Wikileaks, il bavaglio mondiale

Barbara Spinelli  sul lFatto Quotidiano

Io non so quale sia il reato di cui si sarebbe macchiato Julian Assange, e condivido i dubbi di molti che lo conoscono, sulle indagini riguardanti le sue peripezie sentimentali. Quello che so è che da giorni, e precisamente da quando sono cominciate le pubblicazioni di Wikileaks, mi si accampa davanti, ogni sera in Tv, la faccia di un signore che in Italia fa il ministro degli Esteri e che si agita e che dice che quell’uomo lì va catturato al più presto perché –mirabile a udirsi!– “vuol distruggere il mondo”. Non ricordo un’analoga frase usata per Bin Laden, dopo l’11 settembre 2001. Si disse che voleva distruggere l’America. Ma di abbattere il mondo,
nientemeno, nessuno parlò. Quanto alla religione musulmana, i più ragionevoli seppero evitare contaminazioni, lasciando in cattiva compagnia chi sproloquiò su una civiltà inferiore (Berlusconi, 26-9-2001: “L’Occidente deve esser consapevole della superiorità della sua civiltà”). Non fosse altro perché c’è una sura del Corano (la 3: 97) che in proposito parla chiaro: Dio non si scompone davanti agli increduli, poiché “basta a se stesso e può fare a meno dei mondi”.

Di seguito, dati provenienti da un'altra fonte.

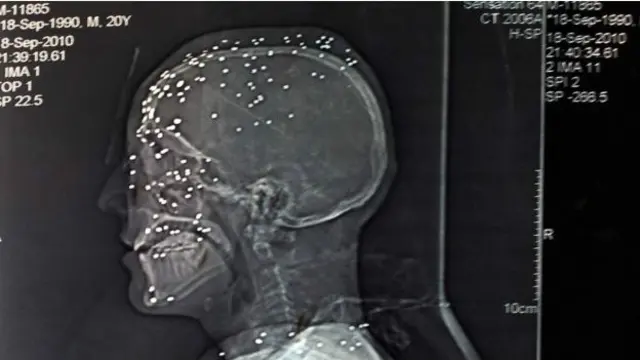 پیلیٹ گن کے کارتوس میں تقریباً پانچ سو چھرے ہوتے ہیں۔ جب کارتوس پھٹتا ہے تو چھرے ہر طرف پھیل جاتے ہیں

Nei file di Wikileaks non c’è un granché, per la verità, ma in fondo non è quello che conta e Frattini lo sa: quel che davvero conta, e che per i governanti italiani è la calamità satanica cruciale, è la rivoluzione dei media, che Wikileaks conferma e amplifica straordinariamente. È l’assalto ai Palazzi d’Inverno, che mette spavento ai falsi troni dove siedono, spesso, falsi re. Anche nell’informazione regnava, fino a ieri, l’ordine westphaliano: ogni Stato sovrano ha la sua informazione, chiusa in recinti nazionali accuratamente separati. Invece ecco che Wikileaks parla del mondo e al mondo, apre su di esso un grande occhio indagatore, sfata re che non sono re, diplomazie che sfangano senza uscire dal fango. I cabli sono spesso insipidi perché insipidi sono i regnanti cui sono riservati. E a poco servono gli sforzi in cui s’imbarca Leslie Gelb, presidente del Council of Foreign Relations, fulminato dalla scoperta, nei dispacci, di una diplomazia Usa zoppicante forse, ma che almeno sgobba per sciogliere nodi planetari; che almeno “si dà da fare”.